:: Exercise requirements ::
As you write out the lines from the one containing "Triciclo Aro 5" through the last line of the records, keep them exact and leave out pictures.

:: Extracted data ::
◇ ◇ ◇ ◇

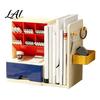Adjustable Bookends for Book Pen Organizer with Retractable And Pegboard Multi-Functional Angled Makeup Student Dormitory Desk Accessories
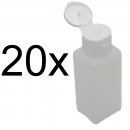 20 x Enghalsflasche / Vierkantflasche 100 ml mit...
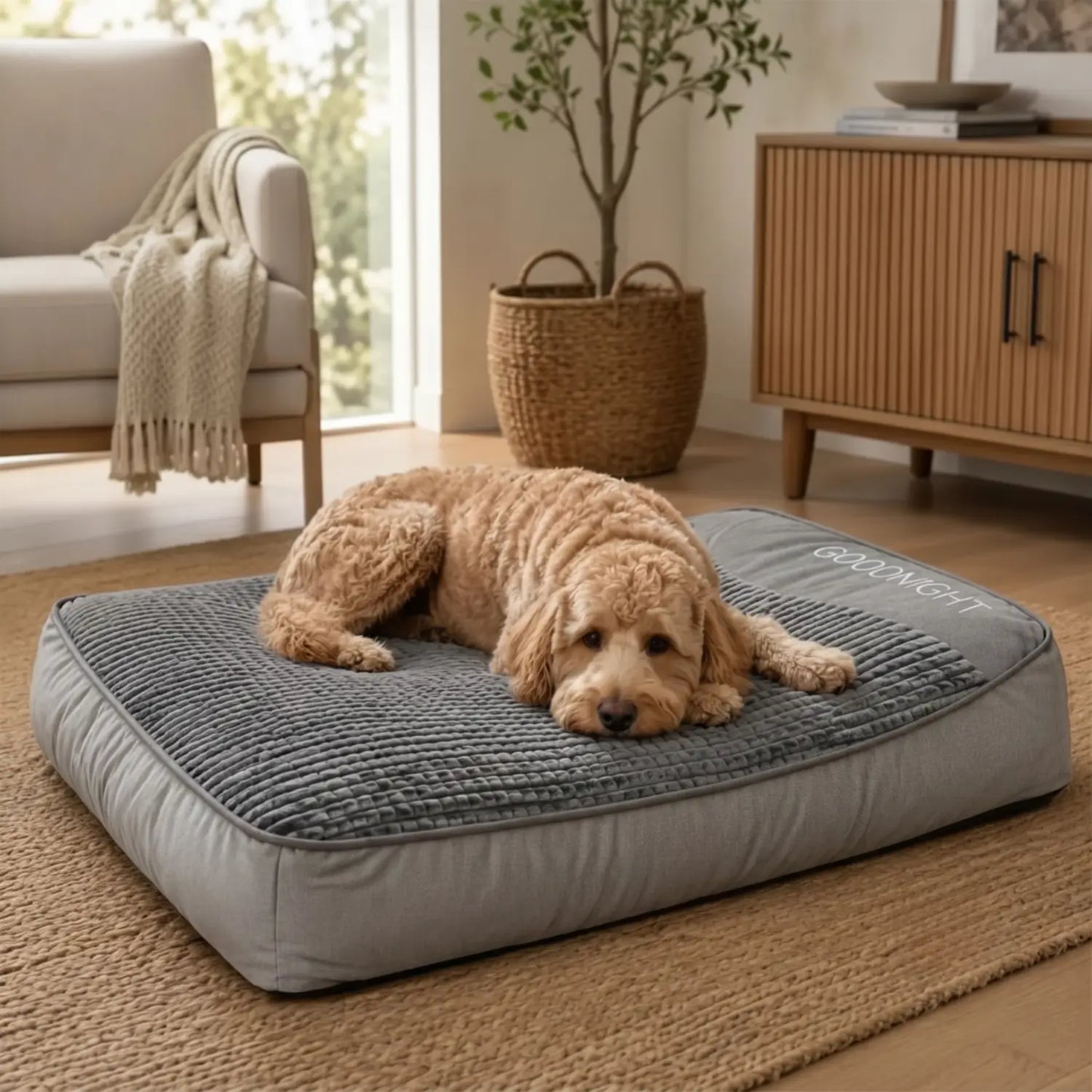 MrFluffyFriend® - Lugnande Hundkudde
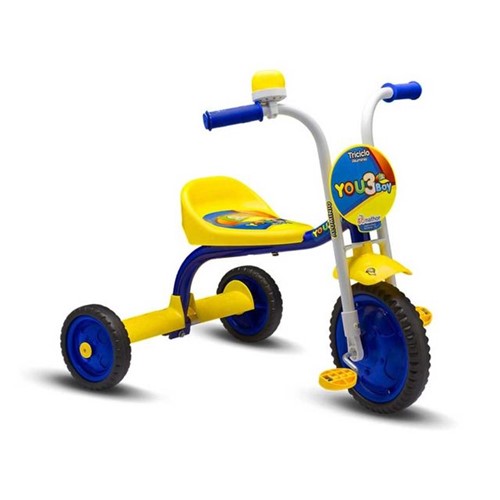 Triciclo Aro 5 You 3 Rodas Boy Nathor Amarelo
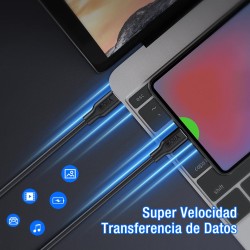 Cable usb de 1 metro Tipo C A C 3A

◇ ◇ ◇ ◇

:: Result ::
 Triciclo Aro 5 You 3 Rodas Boy Nathor Amarelo
 Cable usb de 1 metro Tipo C A C 3A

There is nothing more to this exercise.